I don't understand the condition $\ker(T-2I)^3\neq\ker(T-2I)^2$, what does it means and what is the purpose of that? Thanks in advance!

Answer 1

The Jordan blocks associated with eigenvalues $1$ and $3$ are correct.
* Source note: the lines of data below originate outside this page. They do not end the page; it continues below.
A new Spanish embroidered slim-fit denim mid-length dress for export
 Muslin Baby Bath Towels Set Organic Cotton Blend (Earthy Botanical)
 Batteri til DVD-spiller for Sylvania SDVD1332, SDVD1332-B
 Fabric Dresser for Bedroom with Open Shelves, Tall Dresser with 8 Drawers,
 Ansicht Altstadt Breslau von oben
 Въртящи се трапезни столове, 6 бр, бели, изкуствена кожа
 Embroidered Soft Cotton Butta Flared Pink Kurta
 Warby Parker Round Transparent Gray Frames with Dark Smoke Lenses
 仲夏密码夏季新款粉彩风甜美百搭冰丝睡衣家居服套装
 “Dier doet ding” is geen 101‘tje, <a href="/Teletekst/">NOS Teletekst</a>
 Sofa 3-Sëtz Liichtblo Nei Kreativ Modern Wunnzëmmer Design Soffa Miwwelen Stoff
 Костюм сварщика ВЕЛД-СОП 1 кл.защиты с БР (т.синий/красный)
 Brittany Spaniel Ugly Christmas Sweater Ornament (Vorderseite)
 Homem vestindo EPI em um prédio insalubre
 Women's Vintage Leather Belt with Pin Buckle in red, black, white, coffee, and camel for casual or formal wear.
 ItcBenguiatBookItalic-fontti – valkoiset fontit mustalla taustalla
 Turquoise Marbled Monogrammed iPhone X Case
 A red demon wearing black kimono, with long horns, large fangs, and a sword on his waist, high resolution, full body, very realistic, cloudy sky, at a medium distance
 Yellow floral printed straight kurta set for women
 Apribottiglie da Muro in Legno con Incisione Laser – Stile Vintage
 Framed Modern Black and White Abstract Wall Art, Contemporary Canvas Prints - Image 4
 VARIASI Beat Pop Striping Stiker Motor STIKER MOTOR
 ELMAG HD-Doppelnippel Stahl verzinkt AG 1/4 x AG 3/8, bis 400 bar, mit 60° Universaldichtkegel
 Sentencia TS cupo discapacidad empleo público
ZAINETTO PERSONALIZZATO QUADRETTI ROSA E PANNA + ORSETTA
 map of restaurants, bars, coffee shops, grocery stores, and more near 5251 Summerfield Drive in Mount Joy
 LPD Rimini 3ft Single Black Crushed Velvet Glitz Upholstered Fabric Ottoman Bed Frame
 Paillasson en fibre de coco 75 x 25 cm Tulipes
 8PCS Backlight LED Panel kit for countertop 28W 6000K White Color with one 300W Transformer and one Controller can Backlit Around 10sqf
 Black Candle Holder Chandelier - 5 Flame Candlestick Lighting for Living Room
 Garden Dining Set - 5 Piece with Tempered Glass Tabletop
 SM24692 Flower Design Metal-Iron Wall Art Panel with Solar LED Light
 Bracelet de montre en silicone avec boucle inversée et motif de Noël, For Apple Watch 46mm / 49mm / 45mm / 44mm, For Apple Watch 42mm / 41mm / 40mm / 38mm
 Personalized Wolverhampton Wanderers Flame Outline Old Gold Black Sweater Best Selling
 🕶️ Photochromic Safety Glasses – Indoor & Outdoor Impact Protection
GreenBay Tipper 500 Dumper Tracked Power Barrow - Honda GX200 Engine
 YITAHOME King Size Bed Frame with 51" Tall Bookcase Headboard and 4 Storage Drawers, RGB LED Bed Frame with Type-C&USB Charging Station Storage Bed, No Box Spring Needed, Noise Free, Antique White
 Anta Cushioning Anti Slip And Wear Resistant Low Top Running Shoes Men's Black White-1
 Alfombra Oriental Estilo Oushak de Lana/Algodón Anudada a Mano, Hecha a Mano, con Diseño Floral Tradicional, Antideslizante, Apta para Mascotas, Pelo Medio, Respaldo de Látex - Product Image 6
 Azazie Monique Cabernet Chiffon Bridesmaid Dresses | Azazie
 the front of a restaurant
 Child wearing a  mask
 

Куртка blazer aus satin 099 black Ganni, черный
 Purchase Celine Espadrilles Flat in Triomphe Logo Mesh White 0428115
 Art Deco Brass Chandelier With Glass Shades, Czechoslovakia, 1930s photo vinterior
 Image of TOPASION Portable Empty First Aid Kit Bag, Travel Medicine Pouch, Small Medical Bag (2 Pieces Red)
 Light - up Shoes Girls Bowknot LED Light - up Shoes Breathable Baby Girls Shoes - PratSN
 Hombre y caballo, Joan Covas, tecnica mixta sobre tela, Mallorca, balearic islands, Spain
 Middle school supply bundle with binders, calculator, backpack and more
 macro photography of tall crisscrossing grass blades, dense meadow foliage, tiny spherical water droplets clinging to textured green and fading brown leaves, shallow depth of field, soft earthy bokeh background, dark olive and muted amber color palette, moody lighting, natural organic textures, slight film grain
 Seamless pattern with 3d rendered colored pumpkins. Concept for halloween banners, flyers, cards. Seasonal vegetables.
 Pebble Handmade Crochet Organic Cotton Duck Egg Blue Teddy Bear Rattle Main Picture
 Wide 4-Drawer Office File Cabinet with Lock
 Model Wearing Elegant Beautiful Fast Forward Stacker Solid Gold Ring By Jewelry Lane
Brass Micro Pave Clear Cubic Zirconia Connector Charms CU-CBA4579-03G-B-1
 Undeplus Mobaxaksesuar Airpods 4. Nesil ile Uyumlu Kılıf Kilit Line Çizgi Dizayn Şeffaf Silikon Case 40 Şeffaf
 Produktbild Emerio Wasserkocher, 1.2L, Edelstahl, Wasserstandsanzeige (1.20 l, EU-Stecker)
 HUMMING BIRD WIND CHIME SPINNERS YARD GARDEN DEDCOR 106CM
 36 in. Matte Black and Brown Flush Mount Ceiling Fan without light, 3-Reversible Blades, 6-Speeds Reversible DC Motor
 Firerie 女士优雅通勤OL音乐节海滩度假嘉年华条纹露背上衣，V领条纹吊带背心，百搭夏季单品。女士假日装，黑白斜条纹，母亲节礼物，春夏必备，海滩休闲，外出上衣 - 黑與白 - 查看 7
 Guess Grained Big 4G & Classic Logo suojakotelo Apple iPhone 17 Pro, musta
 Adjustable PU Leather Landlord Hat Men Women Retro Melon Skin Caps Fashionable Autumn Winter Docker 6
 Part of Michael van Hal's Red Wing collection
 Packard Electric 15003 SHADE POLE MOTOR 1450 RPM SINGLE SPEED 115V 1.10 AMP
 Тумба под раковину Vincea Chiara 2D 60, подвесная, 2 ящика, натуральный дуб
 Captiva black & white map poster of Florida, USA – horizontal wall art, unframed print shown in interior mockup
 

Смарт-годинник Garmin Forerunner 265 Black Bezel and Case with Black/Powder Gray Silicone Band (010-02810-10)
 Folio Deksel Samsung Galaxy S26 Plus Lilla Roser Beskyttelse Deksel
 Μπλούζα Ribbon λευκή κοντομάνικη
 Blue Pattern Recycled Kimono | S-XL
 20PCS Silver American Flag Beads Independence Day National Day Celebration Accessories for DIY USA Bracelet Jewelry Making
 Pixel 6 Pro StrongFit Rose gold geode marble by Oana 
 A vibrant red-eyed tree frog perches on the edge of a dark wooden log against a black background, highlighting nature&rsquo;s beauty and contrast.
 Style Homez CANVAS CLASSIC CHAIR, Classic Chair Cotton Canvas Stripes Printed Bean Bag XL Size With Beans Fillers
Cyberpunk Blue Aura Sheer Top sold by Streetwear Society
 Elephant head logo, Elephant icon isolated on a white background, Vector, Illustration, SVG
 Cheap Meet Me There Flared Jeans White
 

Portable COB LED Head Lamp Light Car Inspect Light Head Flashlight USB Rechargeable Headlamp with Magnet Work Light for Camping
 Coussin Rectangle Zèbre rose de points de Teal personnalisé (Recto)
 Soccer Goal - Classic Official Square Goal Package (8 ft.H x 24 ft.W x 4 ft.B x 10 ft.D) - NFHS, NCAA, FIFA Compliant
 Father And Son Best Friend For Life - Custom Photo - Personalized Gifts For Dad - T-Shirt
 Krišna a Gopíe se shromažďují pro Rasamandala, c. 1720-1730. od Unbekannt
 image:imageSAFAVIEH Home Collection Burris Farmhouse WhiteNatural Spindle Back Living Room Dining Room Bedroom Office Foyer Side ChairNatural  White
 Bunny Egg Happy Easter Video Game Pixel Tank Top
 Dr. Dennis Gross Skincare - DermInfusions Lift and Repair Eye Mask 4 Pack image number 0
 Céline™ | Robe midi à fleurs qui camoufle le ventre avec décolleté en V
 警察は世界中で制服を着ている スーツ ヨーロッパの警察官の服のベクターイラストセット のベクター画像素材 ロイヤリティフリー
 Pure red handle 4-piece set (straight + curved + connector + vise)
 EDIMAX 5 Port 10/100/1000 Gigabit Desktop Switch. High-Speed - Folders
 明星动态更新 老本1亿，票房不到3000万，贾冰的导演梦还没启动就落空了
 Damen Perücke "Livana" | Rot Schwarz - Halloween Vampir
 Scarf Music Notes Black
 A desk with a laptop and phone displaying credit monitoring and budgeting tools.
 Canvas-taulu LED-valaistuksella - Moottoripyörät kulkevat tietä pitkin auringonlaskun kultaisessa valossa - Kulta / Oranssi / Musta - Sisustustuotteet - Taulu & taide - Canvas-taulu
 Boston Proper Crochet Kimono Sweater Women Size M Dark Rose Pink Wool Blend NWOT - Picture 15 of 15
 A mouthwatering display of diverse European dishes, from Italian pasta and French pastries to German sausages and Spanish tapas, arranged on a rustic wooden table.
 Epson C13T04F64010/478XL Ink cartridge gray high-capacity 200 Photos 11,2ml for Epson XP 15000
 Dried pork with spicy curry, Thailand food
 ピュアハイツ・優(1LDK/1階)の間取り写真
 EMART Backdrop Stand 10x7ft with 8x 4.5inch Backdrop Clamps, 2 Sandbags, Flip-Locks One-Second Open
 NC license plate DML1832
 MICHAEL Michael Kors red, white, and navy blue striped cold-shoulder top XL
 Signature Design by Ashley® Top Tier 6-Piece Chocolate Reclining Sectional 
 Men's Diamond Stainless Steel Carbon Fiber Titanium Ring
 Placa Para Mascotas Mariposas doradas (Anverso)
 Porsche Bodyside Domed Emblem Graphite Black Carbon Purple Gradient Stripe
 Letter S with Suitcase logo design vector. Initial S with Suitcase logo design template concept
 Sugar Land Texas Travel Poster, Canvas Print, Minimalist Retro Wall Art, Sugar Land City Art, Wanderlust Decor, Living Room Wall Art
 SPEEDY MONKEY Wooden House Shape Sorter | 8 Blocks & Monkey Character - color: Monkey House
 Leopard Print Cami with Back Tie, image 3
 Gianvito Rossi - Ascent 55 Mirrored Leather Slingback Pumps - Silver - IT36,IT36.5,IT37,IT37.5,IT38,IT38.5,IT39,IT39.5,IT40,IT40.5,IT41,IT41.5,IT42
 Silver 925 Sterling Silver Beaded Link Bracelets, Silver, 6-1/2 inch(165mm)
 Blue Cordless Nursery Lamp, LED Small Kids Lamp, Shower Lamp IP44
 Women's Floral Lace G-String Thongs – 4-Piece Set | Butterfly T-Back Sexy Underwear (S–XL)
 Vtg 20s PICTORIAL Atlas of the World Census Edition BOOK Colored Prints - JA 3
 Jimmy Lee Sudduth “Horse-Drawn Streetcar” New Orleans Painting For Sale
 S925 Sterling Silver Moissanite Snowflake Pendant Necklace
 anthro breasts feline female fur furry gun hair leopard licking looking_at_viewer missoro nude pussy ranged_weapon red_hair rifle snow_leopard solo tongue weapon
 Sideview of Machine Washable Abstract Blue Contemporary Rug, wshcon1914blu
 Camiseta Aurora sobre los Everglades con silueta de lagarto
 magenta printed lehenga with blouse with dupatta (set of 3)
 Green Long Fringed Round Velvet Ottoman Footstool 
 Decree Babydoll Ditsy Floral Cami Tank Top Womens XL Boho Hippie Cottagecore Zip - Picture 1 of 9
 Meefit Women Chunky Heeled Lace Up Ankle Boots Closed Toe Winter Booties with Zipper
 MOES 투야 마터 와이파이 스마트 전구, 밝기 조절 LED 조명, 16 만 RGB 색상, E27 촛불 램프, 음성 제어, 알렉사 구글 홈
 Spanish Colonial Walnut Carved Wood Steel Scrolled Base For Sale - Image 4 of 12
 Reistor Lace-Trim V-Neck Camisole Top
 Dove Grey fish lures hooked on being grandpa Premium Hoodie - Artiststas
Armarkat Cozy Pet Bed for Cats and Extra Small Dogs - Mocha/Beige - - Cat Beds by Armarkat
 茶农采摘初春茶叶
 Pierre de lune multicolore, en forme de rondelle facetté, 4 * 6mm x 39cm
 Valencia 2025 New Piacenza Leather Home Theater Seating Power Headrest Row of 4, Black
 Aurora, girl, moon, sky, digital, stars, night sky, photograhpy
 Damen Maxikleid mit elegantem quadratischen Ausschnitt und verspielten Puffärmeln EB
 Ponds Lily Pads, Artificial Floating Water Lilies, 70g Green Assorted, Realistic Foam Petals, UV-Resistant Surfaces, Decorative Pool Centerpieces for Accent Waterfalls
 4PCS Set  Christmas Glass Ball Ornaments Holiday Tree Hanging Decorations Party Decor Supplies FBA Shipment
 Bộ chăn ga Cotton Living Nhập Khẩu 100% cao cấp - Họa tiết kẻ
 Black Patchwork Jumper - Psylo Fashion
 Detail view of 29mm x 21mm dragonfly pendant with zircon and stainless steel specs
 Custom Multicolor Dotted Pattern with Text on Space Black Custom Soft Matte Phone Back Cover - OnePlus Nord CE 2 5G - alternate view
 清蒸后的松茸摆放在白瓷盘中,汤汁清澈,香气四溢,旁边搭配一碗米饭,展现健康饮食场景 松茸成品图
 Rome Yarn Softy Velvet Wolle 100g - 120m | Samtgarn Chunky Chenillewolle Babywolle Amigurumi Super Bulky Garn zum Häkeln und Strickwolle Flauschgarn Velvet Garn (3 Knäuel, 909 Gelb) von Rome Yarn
To deduce the correct Jordan block associated with eigenvalue $2$, first note that $\dim(\ker(T - 2I)) = 2$ implies that there are two possibilities below:
\begin{align*} & \text{(a).}\; J_a = \begin{bmatrix} 2 & 0 & 0 & 0 \\ 1 & 2 & 0 & 0 \\ 0 & 0 & 2 & 0 \\ 0 & 0 & 1 & 2 \end{bmatrix}, \quad \text{(b).}\; J_b = \begin{bmatrix} 2 & 0 & 0 & 0 \\ 1 & 2 & 0 & 0 \\ 0 & 1 & 2 & 0 \\ 0 & 0 & 0 & 2 \end{bmatrix}. \end{align*} It is easy to verify that \begin{align*} (J_a - 2I_{(4)})^2 = (J_a - 2I_{(4)})^3 = 0, \end{align*} while \begin{align*} (J_b - 2I_{(4)})^2 = \begin{bmatrix} 0 & 0 & 0 & 0 \\ 0 & 0 & 0 & 0 \\ 1 & 0 & 0 & 0 \\ 0 & 0 & 0 & 0 \end{bmatrix} \neq 0 = (J_b - 2I_{(4)})^3. \end{align*}

Therefore, case (a) contradicts with the condition $\ker((T - 2I)^2) \neq \ker((T - 2I)^3)$, implying that case (b) is the unique compatible Jordan block.